Un réalisateur doit reprendre un projet de film en suspend, à la demande de son producteur. Basé à Tokyo, l’équipe de tournage a déjà filmé plusieurs rushes à Taïwan, sans parvenir à concrétiser une idée de cinéma satisfaisante. Il se remet à caster des acteurs parmi lesquels un skateur taïwanais, parlant plusieurs langues. Le réalisateur retrouve, dans les doutes de ce jeune homme ce pourquoi il ne sent chez lui nulle part, et sa propre inquiétude.

Out There est un travail difficile à pitcher. Pour mieux comprendre l’existence d’un film aussi riche que cristallin et sensible, il faut revenir à sa genèse. Ito Takehiro est un jeune réalisateur, puisqu’il est né en 1984. Il a été élève de Kurosawa Kiyoshi, et même si ce dernier a enseigné le cinéma à de très nombreux jeunes artistes sans que tous s’en revendiquent, son influence est nettement palpable dans Out There. Ito souhaitait à la base tourner un documentaire sur le cinéaste de la nouvelle vague taïwanaise Edward Yang, et ainsi, il s’est rendu à Taïwan. Le travail de production avait bel et bien débuté, mais il butait à formuler un propos sur ce grand metteur en scène, si bien que le projet, en l’état, fut abandonné. Pendant l’avancement de la production, il a approché de jeunes taïwanais pour les inclure dans le film, et c’est ainsi qu’il rencontra Ma Chun-chih. Fortement inspiré par sa personnalité, il en fit l’acteur principal de ce qui devint Out There, où vous l’aurez compris, le personnage du metteur en scène ayant arrêté de tourner son film à Taïwan est un miroir du réalisateur lui-même, qu’il met en perspective de ce jeune acteur en devenir. Ses racines difficiles à définir en tant que Taïwanais, et ses doutes de trouver un endroit satisfaisant où s’établir un jour, reflètent une mélancolie urbaine et moderne que partage Ito et de nombreux autres jeunes gens de par le monde, un sentiment d’insatisfaction globale et d’un bonheur inaccessible.
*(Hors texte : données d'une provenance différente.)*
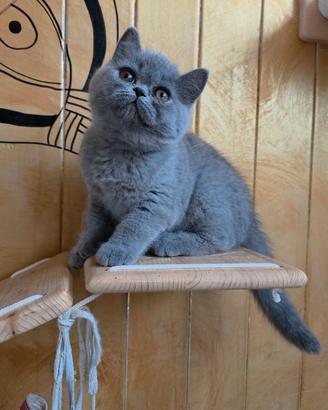 Cucciole British Shorthair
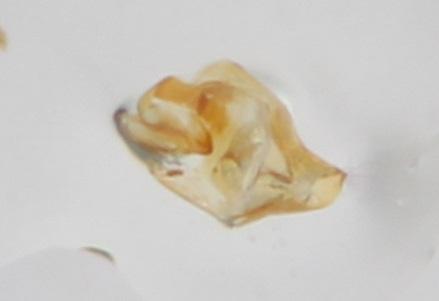 Réf. 255 376 : Neuraphes ruthenus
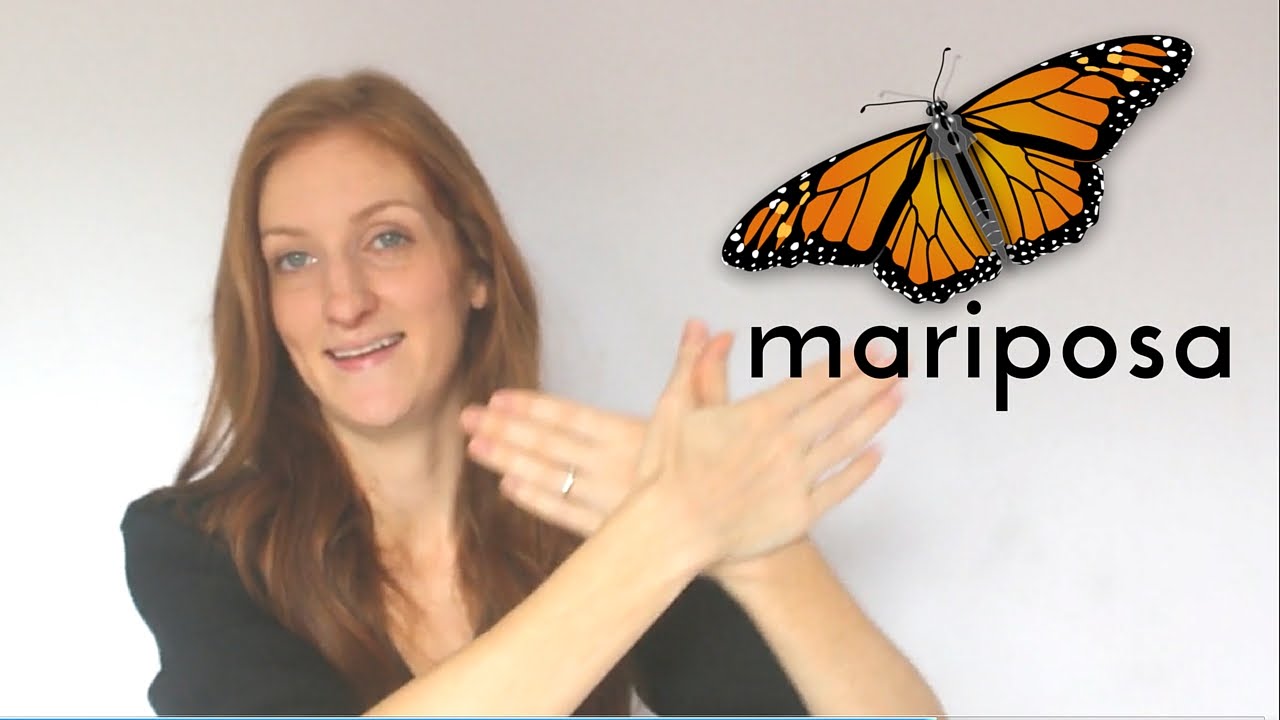 LENGUAJE DE SEÑAS -- MARIPOSA - YouTube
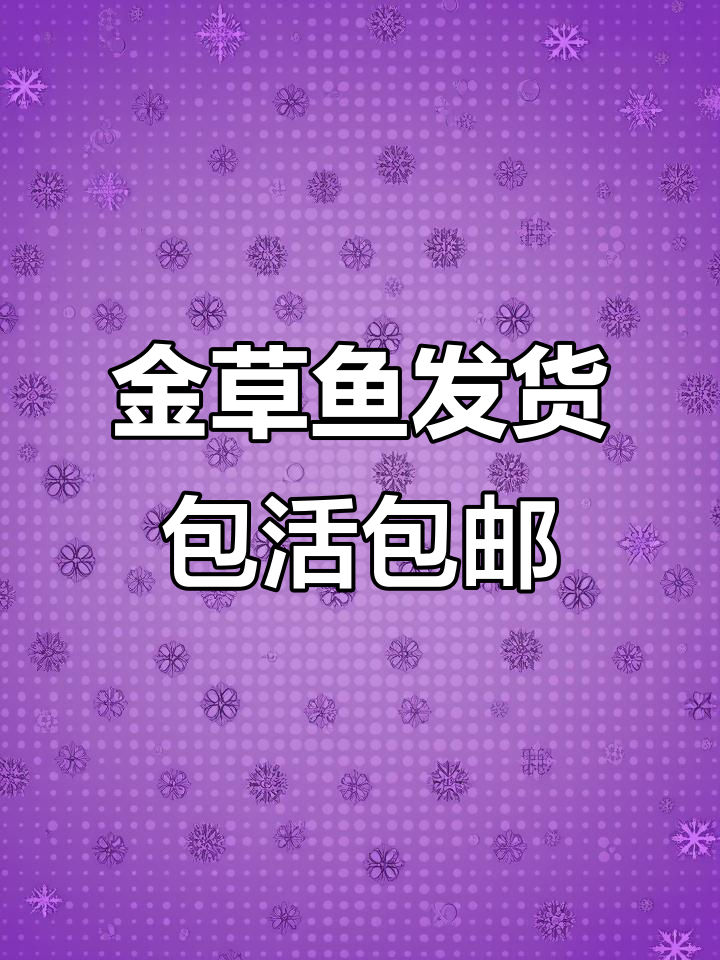 2022年俄罗斯金草鱼发货,规格多样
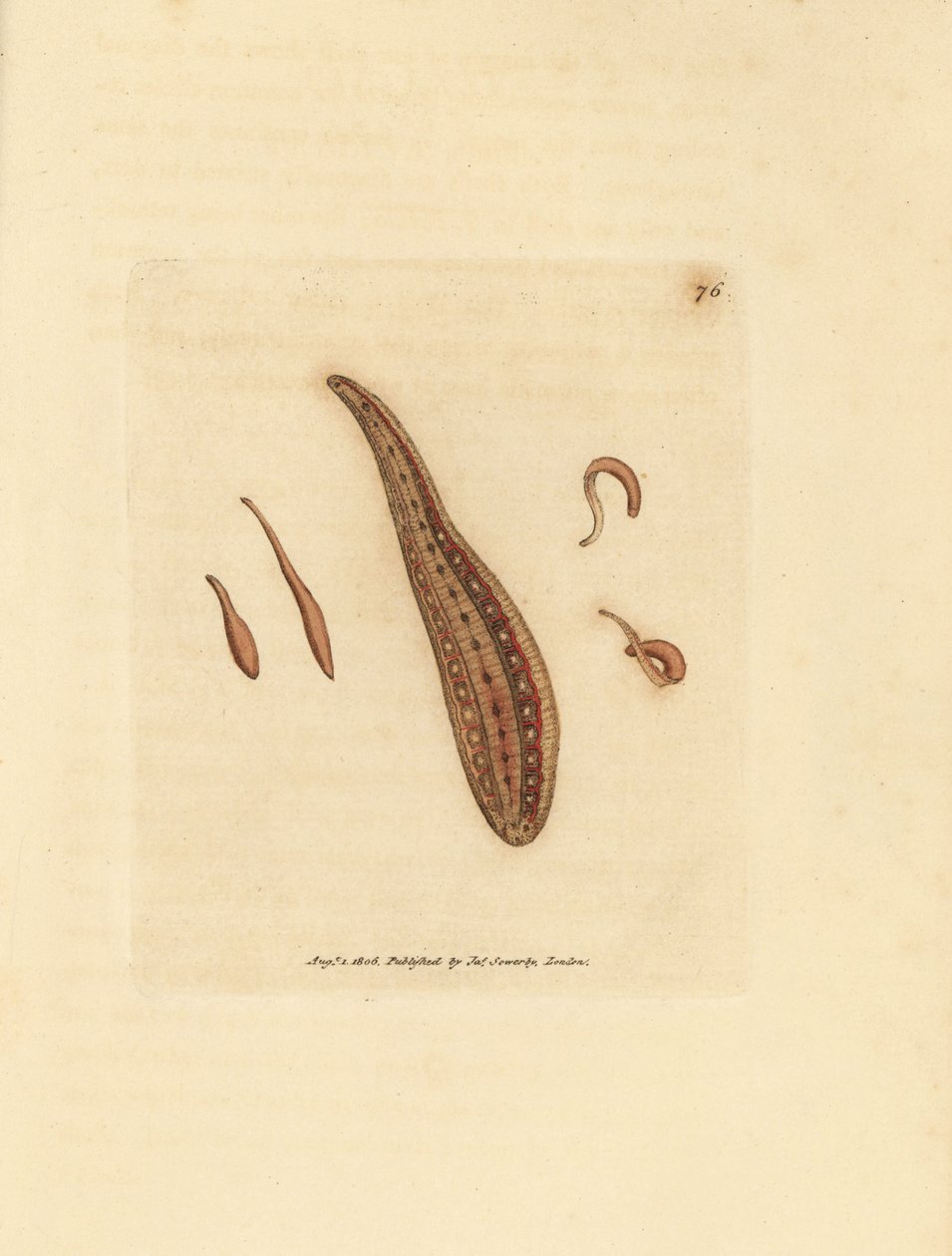 Pijavice, Hirudo circulans. Ručně kolorovaná mědirytina od Jamese Sowerbyho z The British Miscellany nebo Barevné figurky nových, vzácných nebo málo známých zvířecích předmětů. od James Sowerby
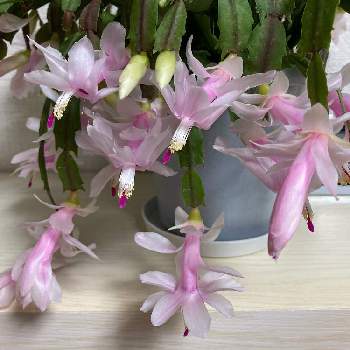 綺麗なピンク色の投稿画像一覧 Greensnap グリーンスナップ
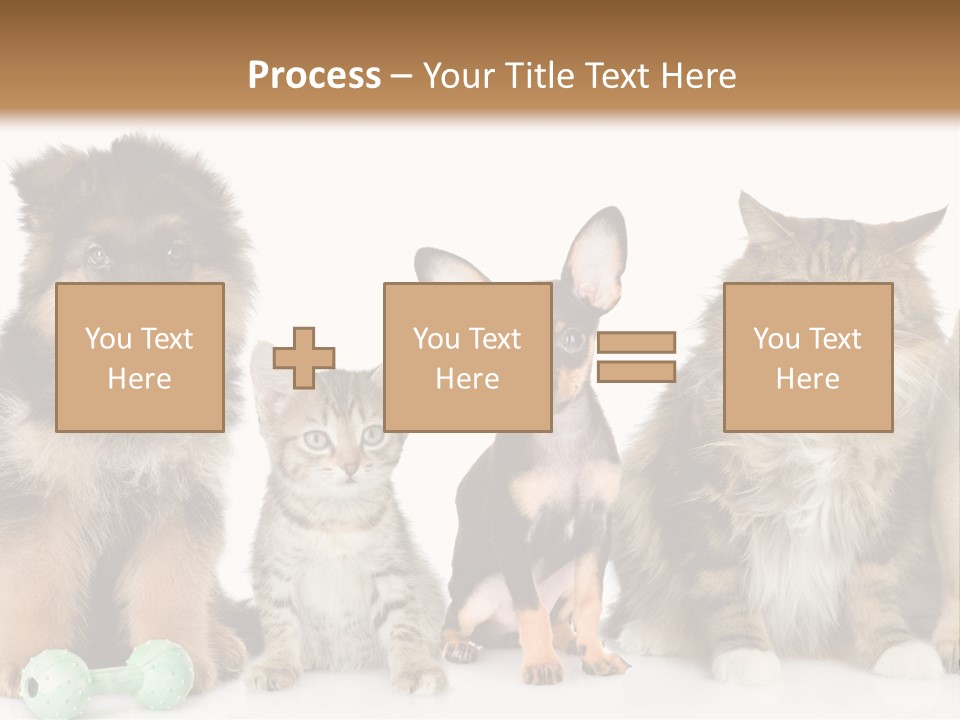 Mops Breed Dog PowerPoint Template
Cette anecdote du documentaire taïwanais abandonné n’est pas tant intéressant pour sa reprise dans le pitch du film, que cette figure surplombant les cinémas d’Asie qu’est Edward Yang. Les cinéastes de la nouvelle vague taïwanaise ont été repérés et appréciés très tôt au Japon, à travers le travail du critique Ichiyama Shozo par exemple. Dans plusieurs de ses films, que ce soit That Day on the Beach ou The Terrorizers, Yang a dressé un portrait profond et grave de jeunes adultes perdus dans une société qui se déploie trop rapidement et qui se déforme sous leurs yeux, alors même qu’ils sortent tout juste d’une histoire terrible. Le Kuomintang de Tchang Kaï-shek avait dirigé l’île de Formose d’une main de fer à partir de 1949, date à laquelle les troupes nationalistes ont emmené de nombreux chinois du continent avec eux. Les tensions entre les deux populations, Chinois établis depuis des siècles et parlant le minnan, et Chinois émigrés après la défaite des nationalistes lors de la guerre civile chinoise parlant souvent le mandarin, ont été décrites par Yang dans son chef-d’œuvre de quatre heure : A Brighter Summer Day. Les films de la nouvelle vague taïwanaise témoignent de cette histoire moderne marquée par la violence, l’immigration forcée et la misère sur place. Ma Chun-chih, tel qu’il est décrit centralement dans Out There, hérite de cette histoire. Car la grande force du film est de glisser d’une séquence fictionnelle à la stylisation forte, à une séquence documentaire, de manière identifiée et fluide. Ma Chin-chuh, l’acteur qui met son propre vécu dans son jeu, devient intervenant de documentaire et interroge ses parents sur leur histoire. L’armée communiste a effacé de tout ce qui les retenait sur le continent, aussi n’avaient-ils pas besoin de revenir. Pour autant, la misère est à leur porte, et l’immigration vers les États-Unis est apparue comme une solution lors de la petite enfance de Ma. La concrétisation n’a jamais eu lieu, sans doute car les étrangers ne sont pas toujours les bienvenus dans une société crispée après le 11 septembre. On comprend ainsi pourquoi Ma ne se sent chez lui nulle part.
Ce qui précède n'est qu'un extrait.